[Collection entries]

====

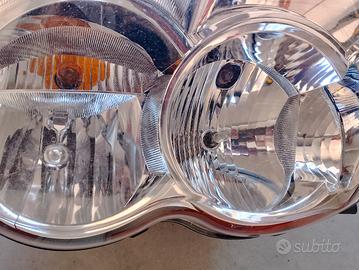 Fanale anteriore sinistro jeep Grand Cherokee 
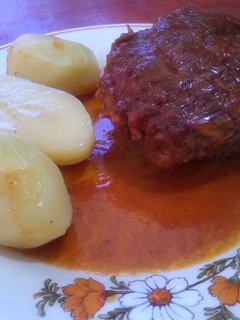 Una foto de Albóndigas de res en salsa de tomates y papas fondant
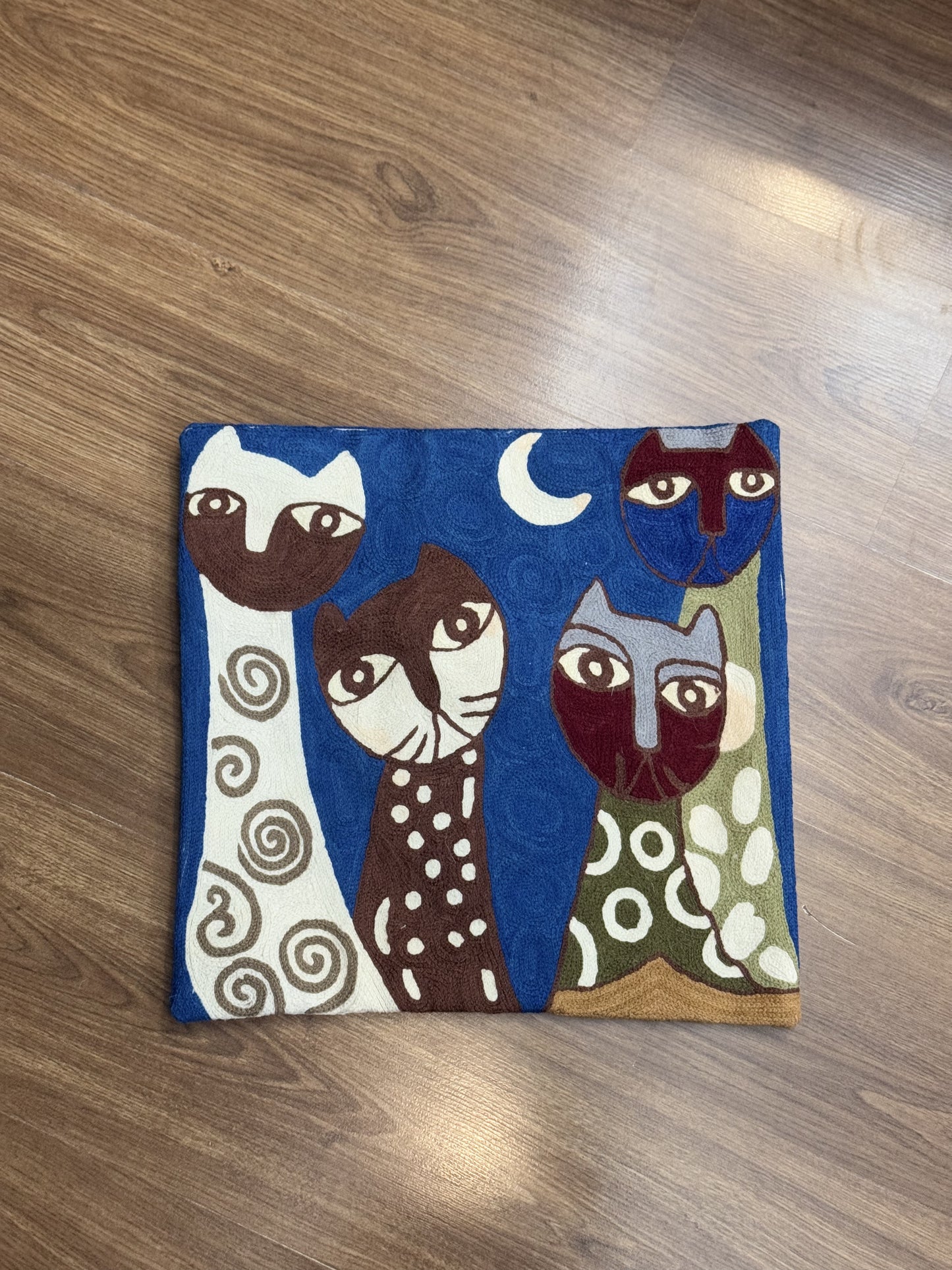 Cat Design Handmade Chainstitch Cushion Cover (Set of Two) - Shopping in Kashmir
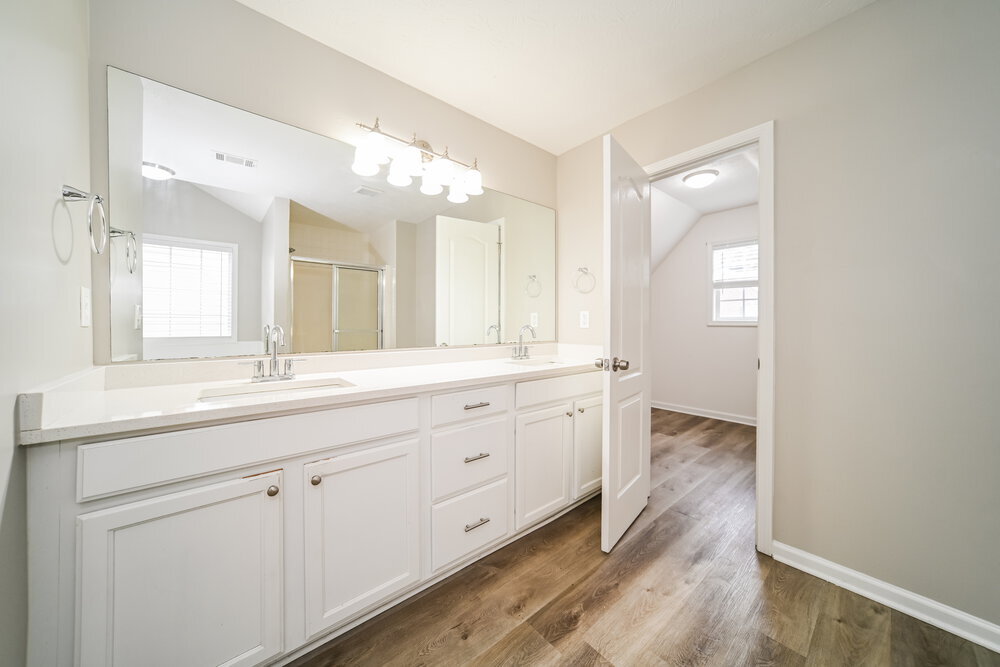 Building Photo - 129 Makenna Dr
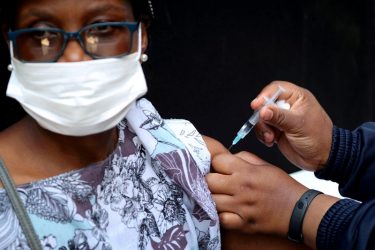 Vacinas provavelmente protegem infectados pela ômicron de doenças graves, diz especialista
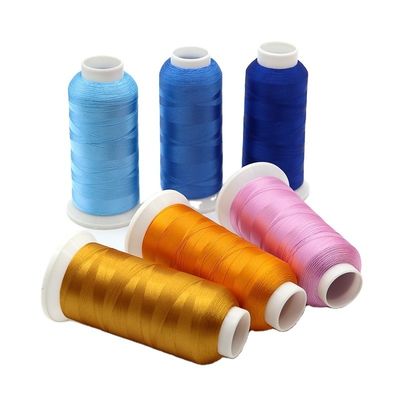 Filato di ricamo 720 colori Scelta Filato personalizzato per macchine in poliestere 100g/spool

====

◆ **Task requirements**: Copy all records exactly, no images.

◆ **Written reply**:
 Fanale anteriore sinistro jeep Grand Cherokee 
 Una foto de Albóndigas de res en salsa de tomates y papas fondant
 Cat Design Handmade Chainstitch Cushion Cover (Set of Two) - Shopping in Kashmir
 Building Photo - 129 Makenna Dr
 Vacinas provavelmente protegem infectados pela ômicron de doenças graves, diz especialista
 Filato di ricamo 720 colori Scelta Filato personalizzato per macchine in poliestere 100g/spool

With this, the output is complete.